With that in mind, I’d point out one issue that has stood in the way of digital print taking off so far: marketing. As far as I can tell, the only people who even know what a Sony Reader or a Cool-er actually is are high-end business people or gadget fiends.
No wonder they haven’t taken off. Someone is doing something wrong! It seems to me that Sony and Cool-er (the two top sellers in the UK – given that competition is low) haven’t put much effort into their marketing.
Sure, the Sony Reader is advertised in Waterstones and various big highstreet book shops, but they didn’t have the same hype surrounding their release – the BBC news did a segment on the Kindle as if the Sony hadn’t been available here for 2 years or so.

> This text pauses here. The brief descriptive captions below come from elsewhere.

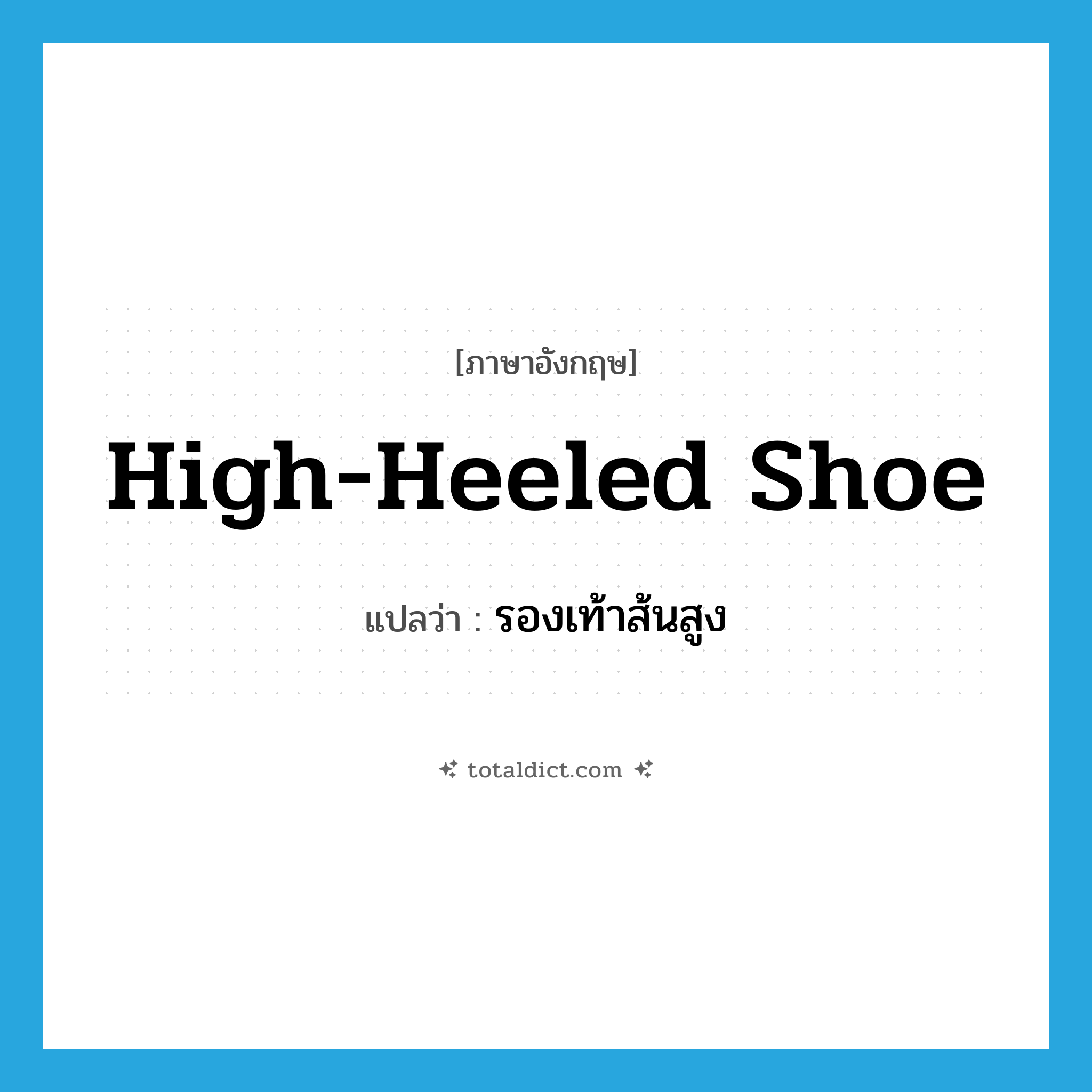 high-heeled shoe แปลว่า?, คำศัพท์ภาษาอังกฤษ high-heeled shoe แปลว่า รองเท้าส้นสูง ประเภท N หมวด N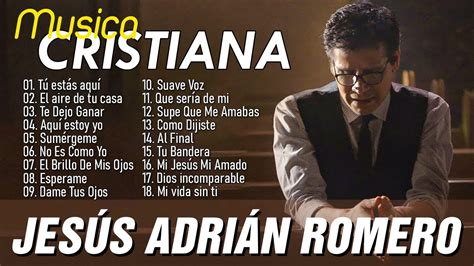 La Mejor Musica Cristiana 2021 Popurri JesÚs AdriÁn Romero 20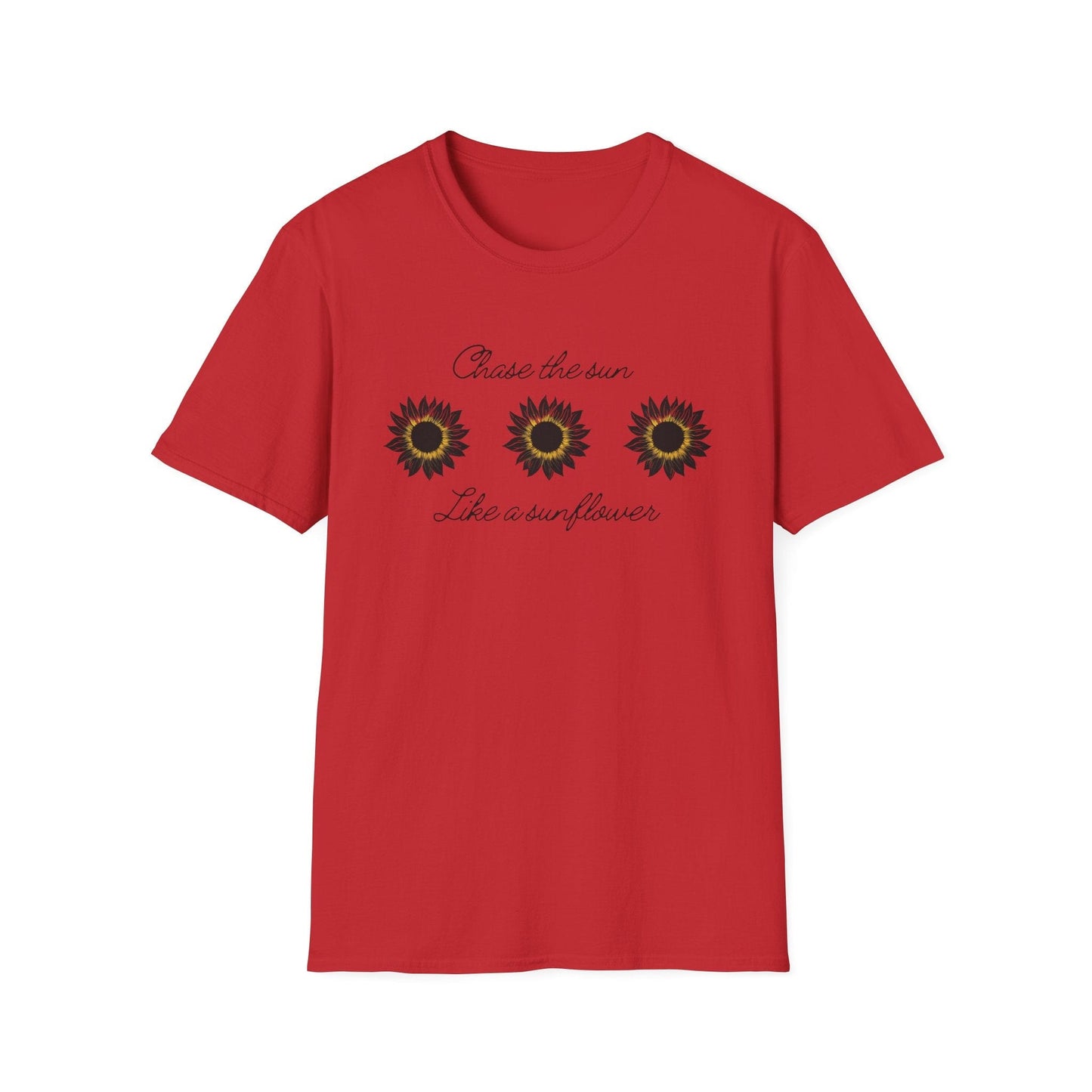 " Chase The Sun Like A Sunflower" Triple Sunflower  – T-shirt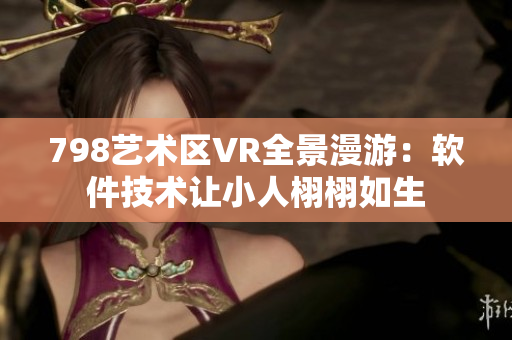 798艺术区VR全景漫游：软件技术让小人栩栩如生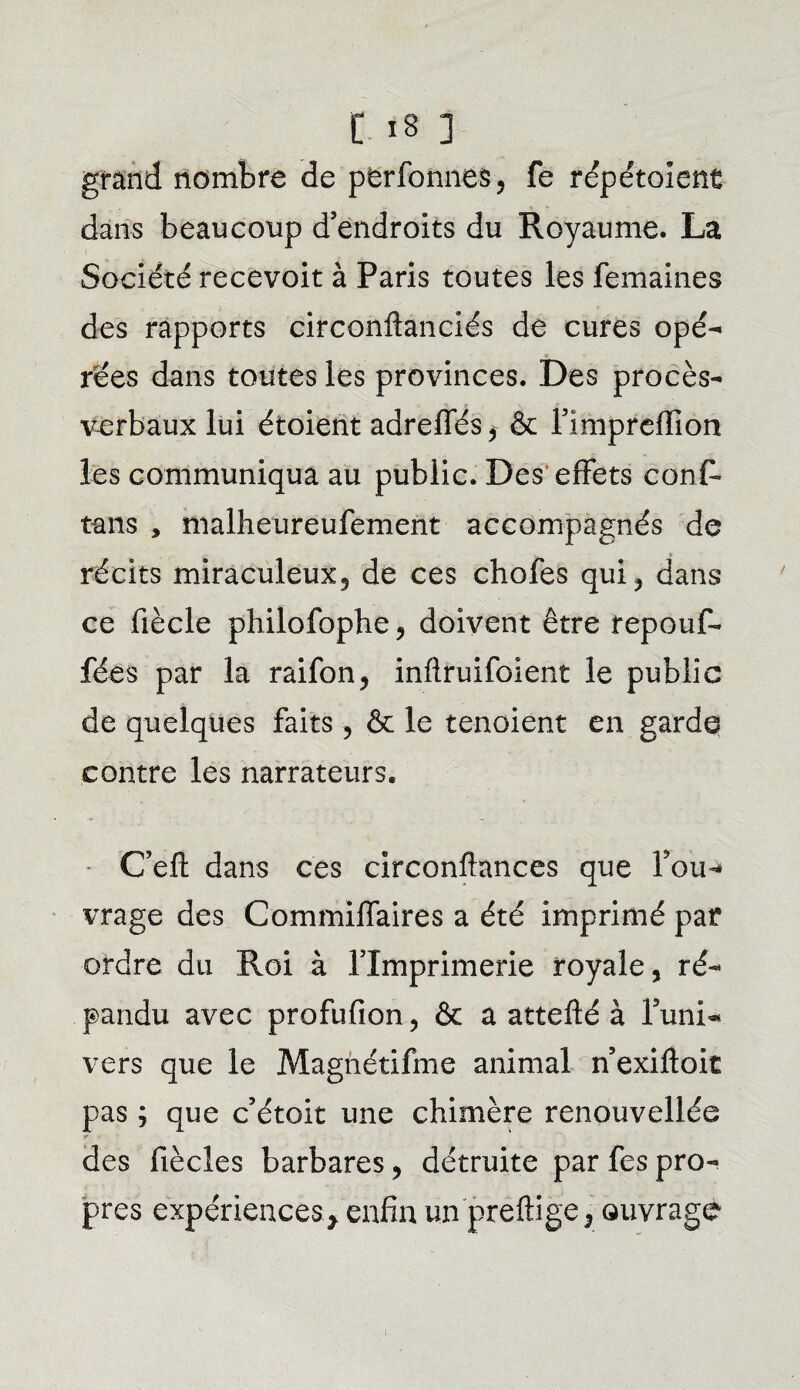 grand nombre de perfonnes-, fe répétaient dans beaucoup d’endroits du Royaume. La Société recevoit à Paris toutes les femaines des rapports circonftanciés de cures opé¬ rées dans toutes les provinces. Des procès- verbaux lui étoient adreffés* & l’impreffion les communiqua au public. Des' effets conf» tans , malheureufement accompagnés de récits miraculeux, de ces chofes qui, dans ce fiècle philofophe, doivent être repouf- fées par la raifon, infîruifoient le public de quelques faits , & le tenaient en garde contre les narrateurs* C’efl: dans ces circonftances que fou-» vrage des Commilfaires a été imprimé par ordre du Roi à l’Imprimerie royale, ré¬ pandu avec profufion, & a attefté à l’uni¬ vers que le Magnétifme animal n’exiftoit pas ; que c’étoit une chimère renouvellée r - des fiècles barbares, détruite par fes pro¬ pres expériences, enfin un preftige, ouvrage
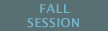 Fall Session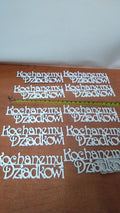napis 10szt KOCHANEMU DZIADKOWI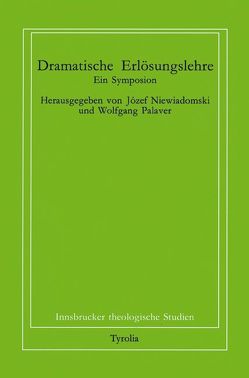 Dramatische Erlösungslehre von Coreth,  Emerich, Kern,  Walter, Niewiadomski,  Józef, Palaver,  Wolfgang, Rotter,  Hans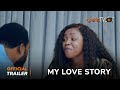 My Love Story Yoruba Movie 2024 | Official Trailer | Now Showing On ApataTV+
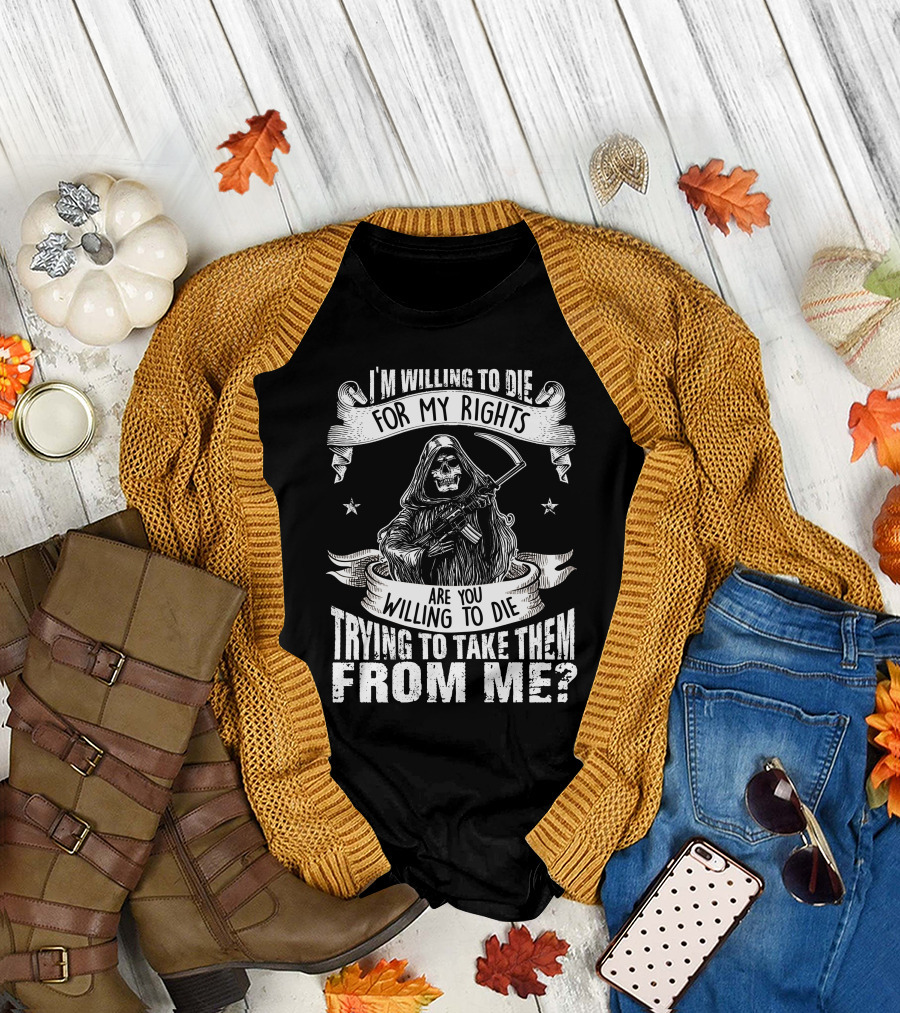 I'm Willing to Die for My Rights Are You Willing to Die Trying to Take Them from Me Grim Reaper T-Shirt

Thus far the Kindle’s rivals have only attempted to crack a very specialised market – they haven’t succeeded in made ebooks look cool, easy to use, or indespensible. Thus far they’ve only managed to say, ‘Look, this is a shiny new gadget that can carry lots of books inside it.‘ Now, I don’t know about you, but I don’t know anyone who will routinely carry around more than one novel at a time. Thus, pointing out that it can hold x amount of books seems rather daft to me.
Another issue is pricing. The device itself is slightly expensive, but reasonable, I feel. However, there is categorically no way I’d pay over the hardback price for an e-book (today, one look on the Borders web site shows the new Dan Brown novel at £15.19 in e-book, and £12.91 in hardback formats). Correct me if I’m wrong but…there’s no printing, or raw materials involved, they should be cheaper than a hardback. I am totally against paying nearly full price (which seems to be what Amazon etc. are expecting us to do too) for something that I can’t then sell on or give to someone else if it’s utter drivel.
It is distinctly possible that if Amazon starts a large advertising campaign (and actually makes a decent selling-point with it), they might just be able to pinch the top spot from Sony in the UK despite Sony’s head-start. But, as it stands, I think the digital book marketplace in the UK needs to make some substantial changes in order to make any real difference to consumer’s buying habits, and if anyone is going to do that it might just be Amazon with the Kindle.
I’m still not convinced that sitting around in a coffee shop peering at a chunk of white plastic will ever make anyone look cool or particularly interesting though.